:: Exercise details ::
Your copy should hold only the lines from the one with "Pink And White" to the one with "Martini Decor Kitchen", both included, each exactly as it stands below, with no pictures.

*** Begin section ***

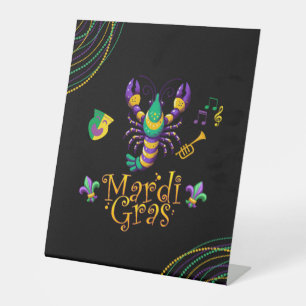 Krebs/Trompete/Maske/Fleur de lis Mardi Gras  Sockelschild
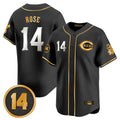 Cincinnati Reds #14 Pete Rose Player Black-Gold CONTON Vapor Premier Limited Home Stitched Jerseys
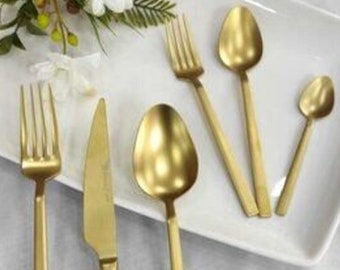 Matte Gold Dinner Spoon, Gold Spoons, Dinner Spoon, Spoons. Home gift, Gift for Family, Birthday gift,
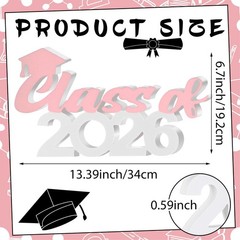 Pink And White Class Of 2026 Sign Graduation Party Decor Table Centerpieces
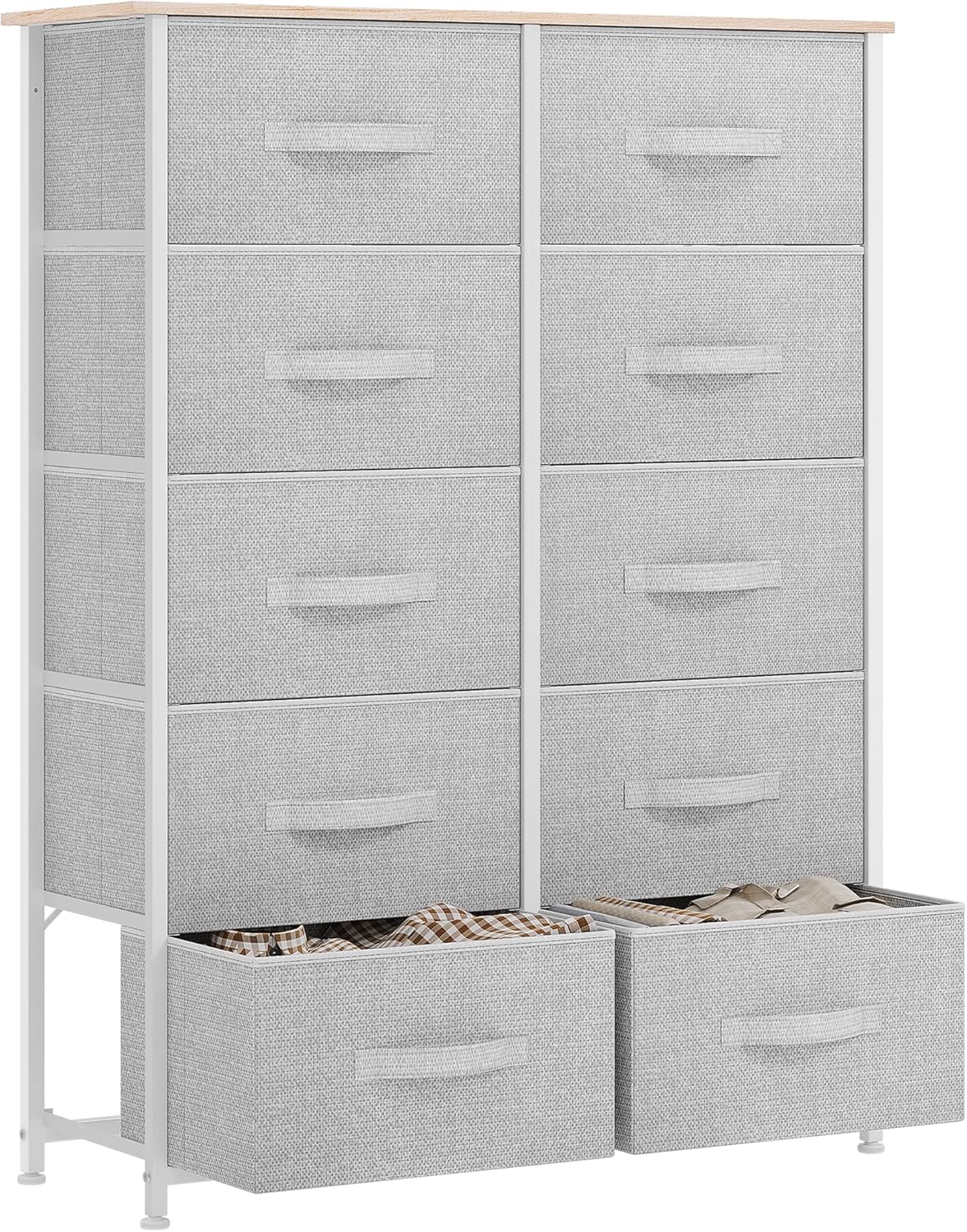 YITAHOME Chest of Drawers, Non-Woven Fabric 10-Drawer Storage Organizer Unit for Bedroom Living Room Closet, Sturdy Steel Frame, Easy Pull Fabric Bins & Wooden Top, Fabric Dresser-0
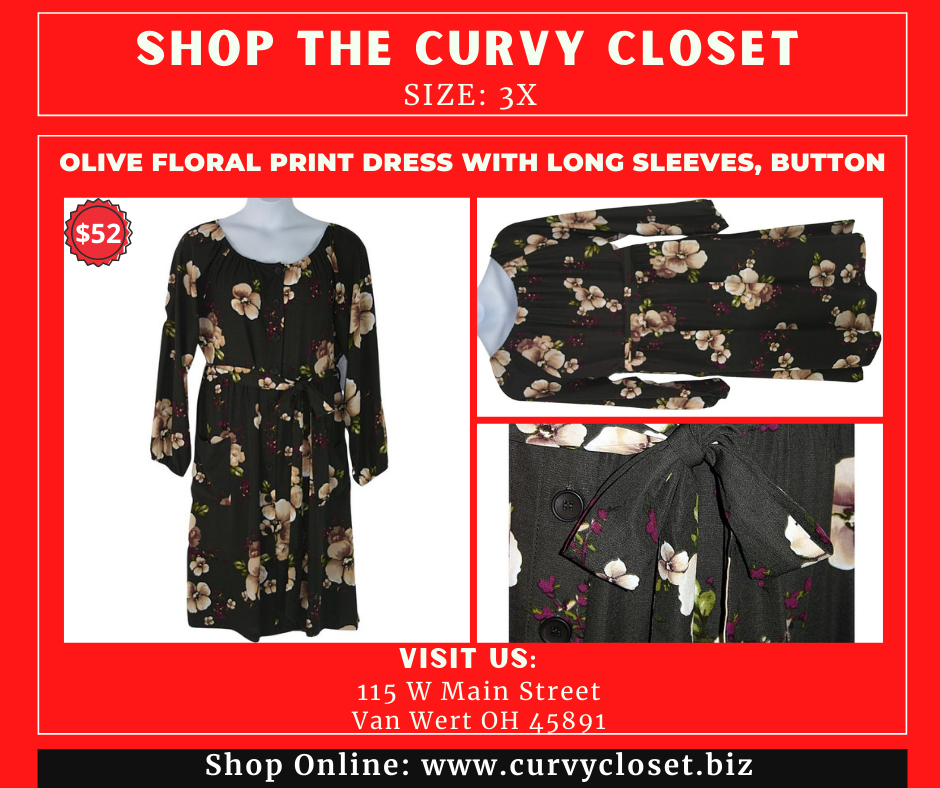 Olive floral print dress-FB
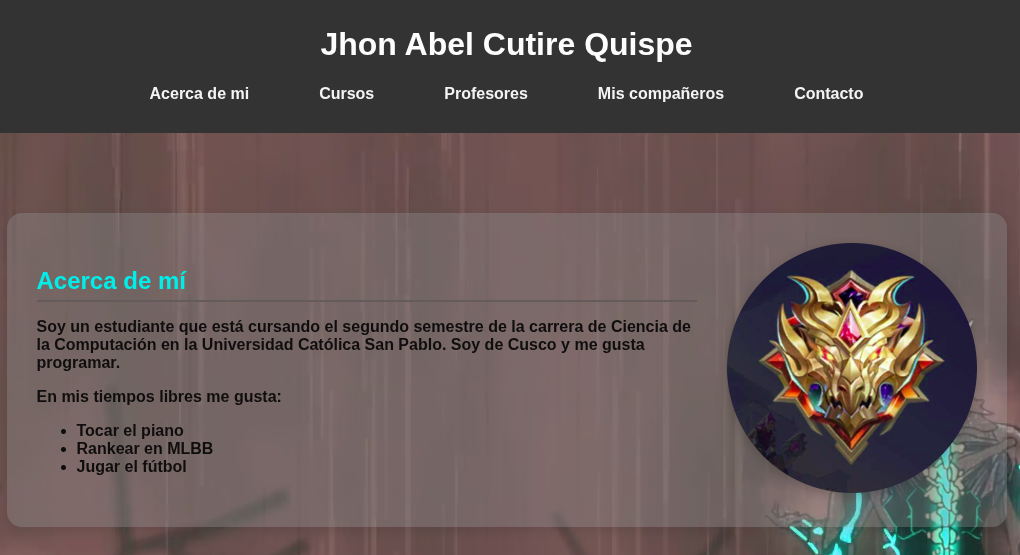 Previsualización de la página de Jhon Abel Cutire Quispe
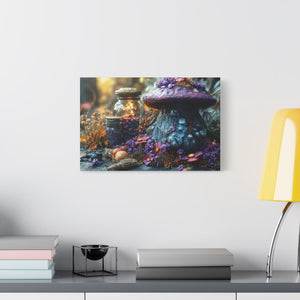 Enchanted Mushroom Canvas Print, Nature Wall Art, Fairy Tale Décor, Magical Home Accent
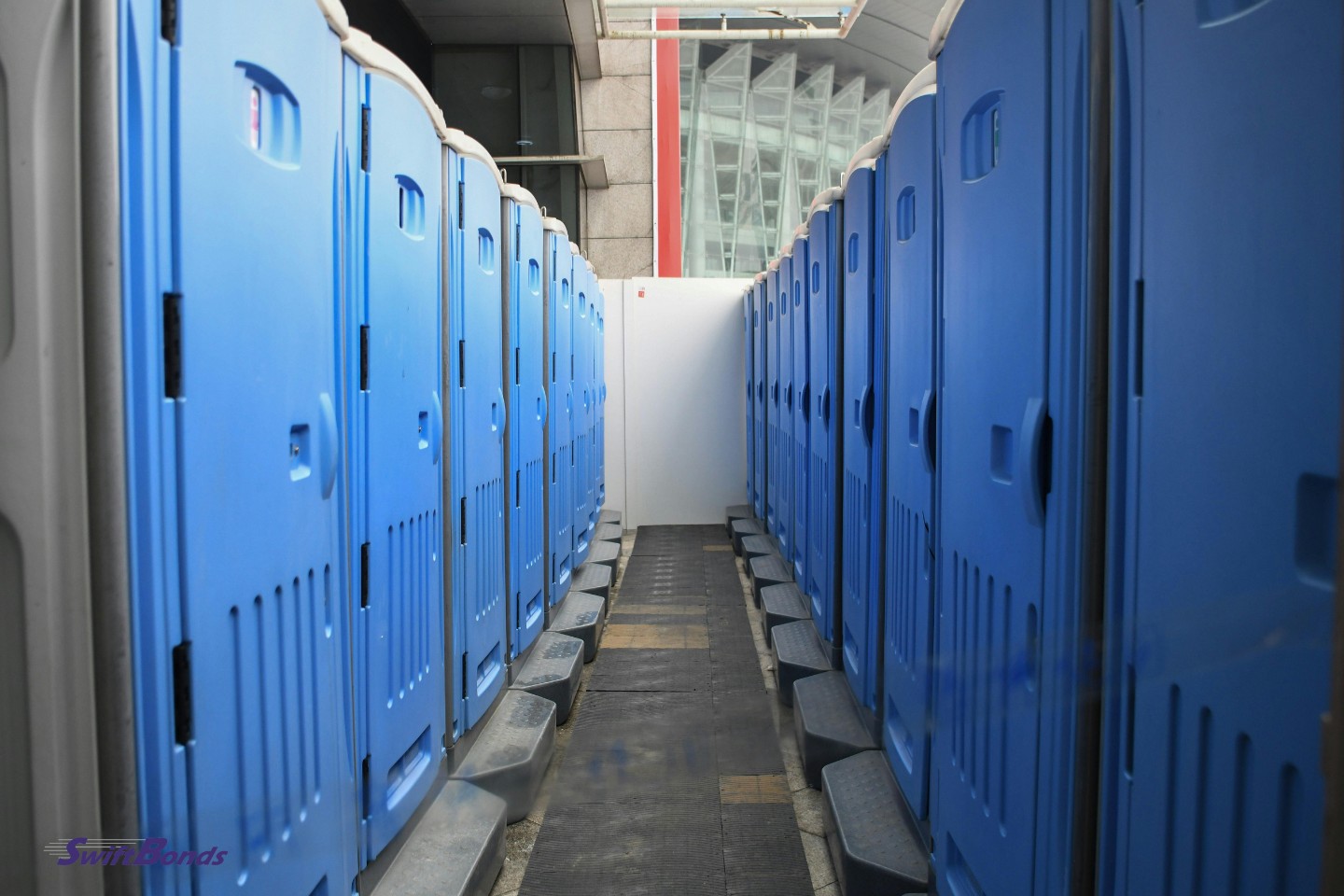portable restrooms on a building site.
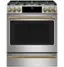 Alt View 12. Café - Handle and Knob Set for Front Control Gas Range - Brushed Brass.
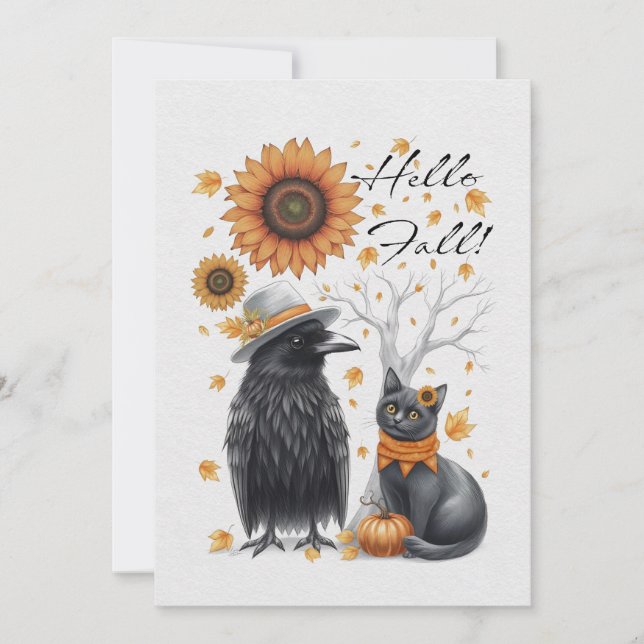 Corbeau et chat Automne Thanksgiving Carte de voeu (Devant)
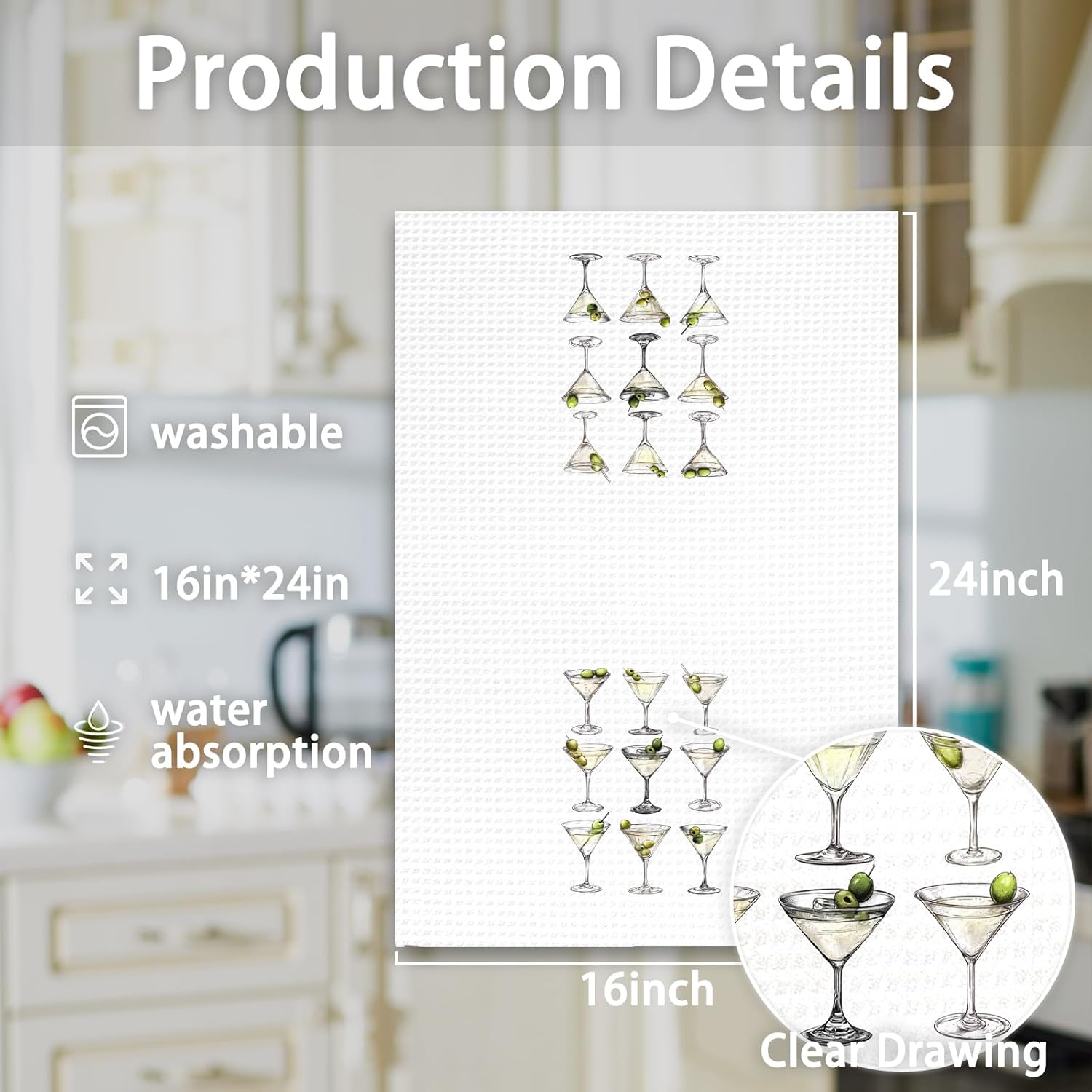 Martini Decor Kitchen Towels, DirtyMartini Hand Towels, DirtyMartini Glasses Dish Towel Tea Towel for Kitchen Home Bar Decorative, MartiniGifts for Martini Lovers Bar Kitchens Decor, 16x24In - Image 7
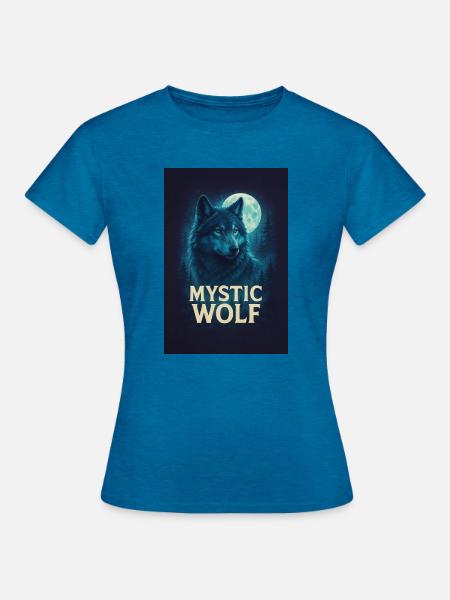 Mystic Wolf - Frauen T-Shirt - Antikblaues Saphir meliert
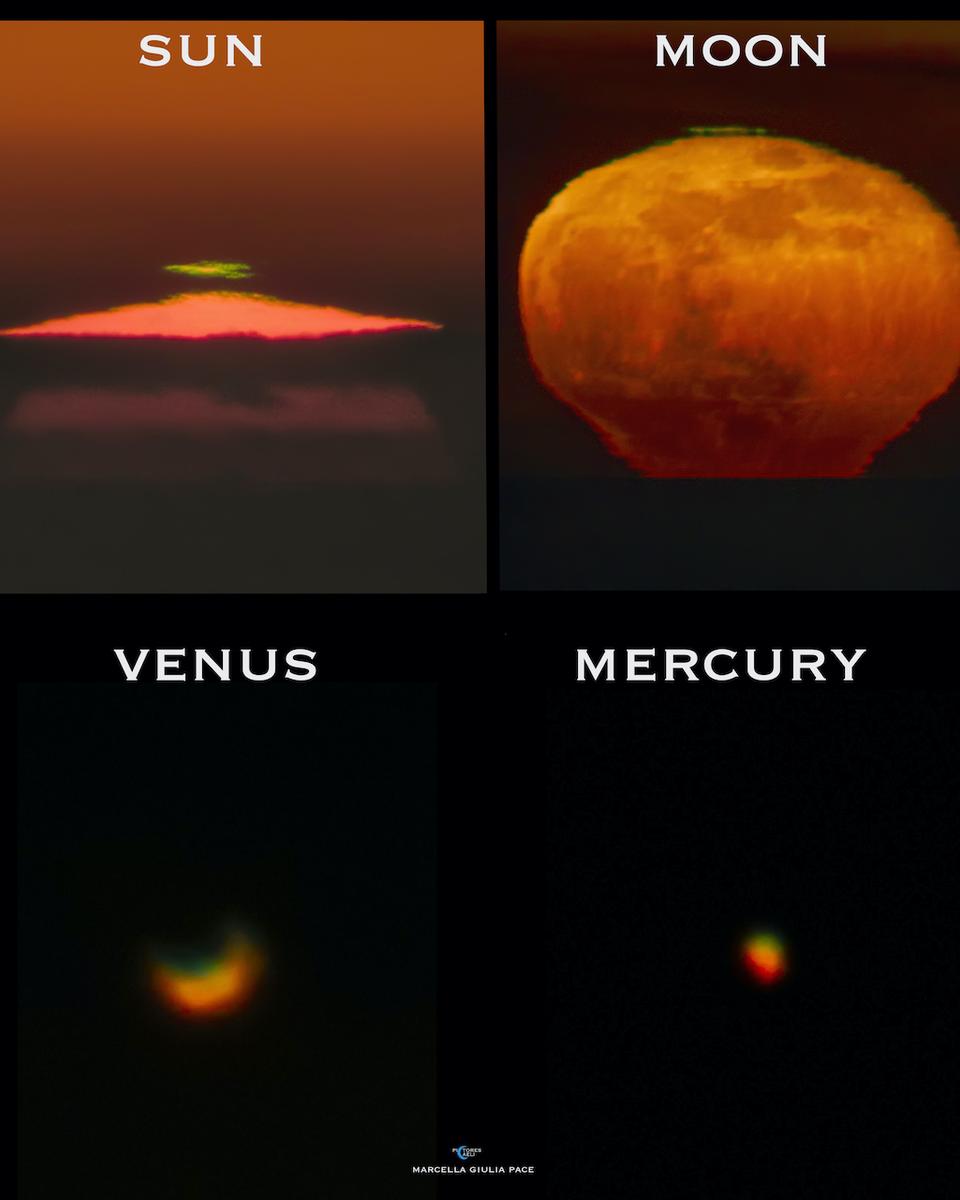 Green Flashes: Sun, Moon, Venus, Mercury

*** End section ***

:: Response to the exercise ::
 Pink And White Class Of 2026 Sign Graduation Party Decor Table Centerpieces
 YITAHOME Chest of Drawers, Non-Woven Fabric 10-Drawer Storage Organizer Unit for Bedroom Living Room Closet, Sturdy Steel Frame, Easy Pull Fabric Bins & Wooden Top, Fabric Dresser-0
 Olive floral print dress-FB
 Previsualización de la página de Jhon Abel Cutire Quispe
 Enchanted Mushroom Canvas Print, Nature Wall Art, Fairy Tale Décor, Magical Home Accent
portable restrooms on a building site.
 Alt View 12. Café - Handle and Knob Set for Front Control Gas Range - Brushed Brass.
 Corbeau et chat Automne Thanksgiving Carte de voeu (Devant)
 Martini Decor Kitchen Towels, DirtyMartini Hand Towels, DirtyMartini Glasses Dish Towel Tea Towel for Kitchen Home Bar Decorative, MartiniGifts for Martini Lovers Bar Kitchens Decor, 16x24In - Image 7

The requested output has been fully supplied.